SAS Viya Temporary Storage on Red Hat OpenShift – Part 1

1 Like

SAS compute sessions and CAS servers require temporary storage for multiple purposes. Choosing a suitable location for SAS Viya temporary storage can be a key tuning step for optimal production deployments. In today’s cloud environments, this means addressing multiple layers of abstraction, from the underlying infrastructure, to the Kubernetes cluster, up to the applications running inside it.

In this series of articles, we explore how to provision local temporary storage to a Red Hat OpenShift Container Platform cluster deployed on Azure, and how to leverage it in SAS Viya.

Introduction

Storage design can differ considerably between infrastructure providers and from cluster to cluster. To successfully deliver a working environment, by default, SAS Viya compute servers are configured to use a minimum common denominator for temporary storage that is guaranteed to be always available. Both SAS compute sessions and CAS servers leverage a directory provisioned as a Kubernetes emptyDir, which uses disk space from the root volume of the Kubernetes node where they are running.

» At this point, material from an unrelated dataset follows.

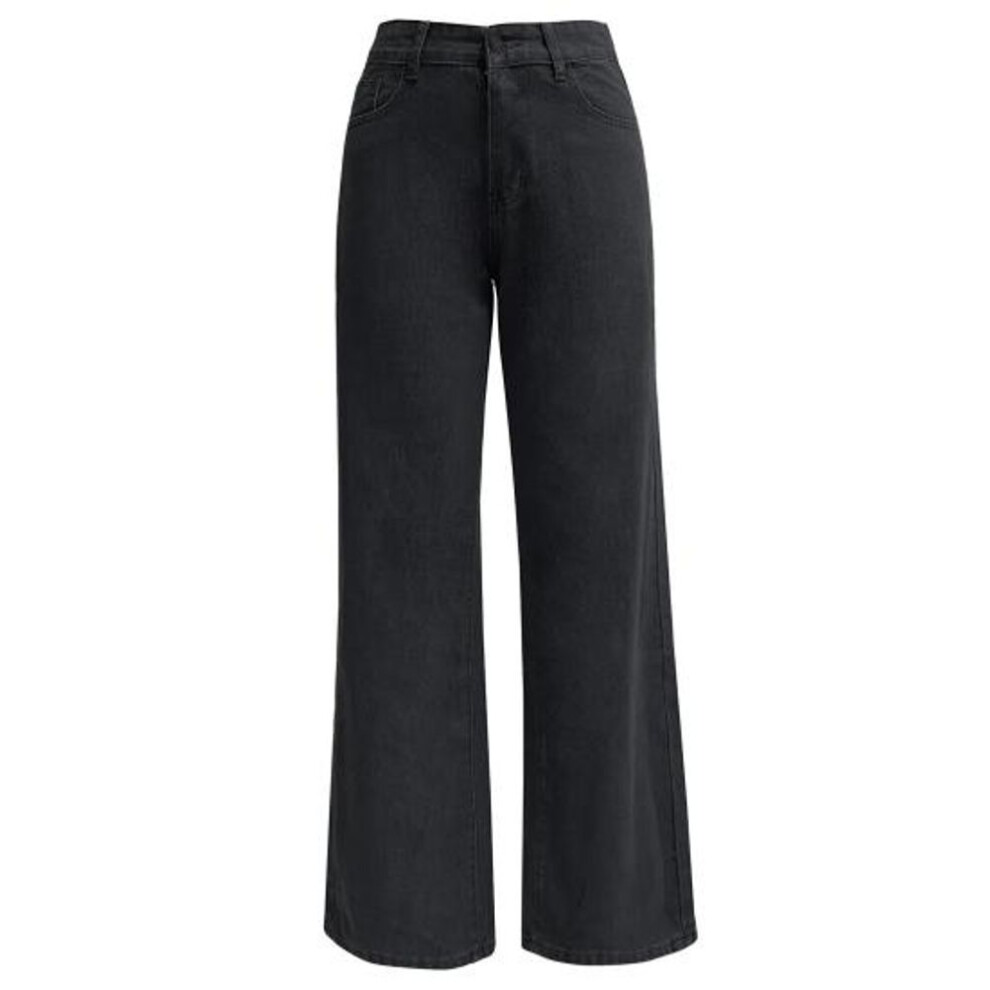 (black, 2XL) Women Jeans High Waist Zipper Button Closure Solid Color Slim Fit Wide Leg Retro Straight Pockets Soft Colorfast Lady Full Length Denim Pants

This default configuration is acceptable for testing and evaluation, but not for production workloads. If disk space in the root volume of the node becomes low, then Kubernetes begins evicting pods, and, in extreme circumstances, the node itself can crash.

SAS recommends using fast storage for temporary locations. Often, the best performance is provided by using disks that are locally attached to the node, such as NVMe or SSD disks. Since this is temporary storage, the disks that are used do not need to persist beyond the duration of each pod, nor follow the pod if it is moved to a different node. For this reason, ephemeral storage is ideal.

Most cloud providers offer virtual machines that include a temporary disk for ephemeral storage. In this article, we will walk through the steps we used to provision Azure ephemeral disks as a temporary location for the pods in our OpenShift Container Platform cluster.

A note of caution

These articles are the result of testing within the environments we use for the “SAS Viya 4 - Deployment on Red Hat OpenShift Container Platform” workshop. For our convenience, we deploy on-demand OpenShift on Azure clusters; although that works fine for our objectives, this infrastructure is not included in the official SAS Viya system requirements. So, why discussing this in a public post? Because it can still provide value for multiple situations:

although SAS Viya on OpenShift is currently fully supported only on VMware vSphere, it is possible to deploy it on different infrastructure providers, such as Azure, under the “SAS Support for Alternative Kubernetes Distributions” policy.
the high-level process and steps are similar across different infrastructures. If your server has an available fast disk, you can use it as described here, independently from how the disk itself was provisioned. Some details may need to be adjusted from the example commands shown here, but it should all be manageable by a Kubernetes admin.
finally, maybe you end up reading this post and decide it can be useful to you for a different use case on a similar infrastructure.

In summary, we are not stating that your SAS Viya cluster should be designed as described here, nor endorsing this architecture as fully supported.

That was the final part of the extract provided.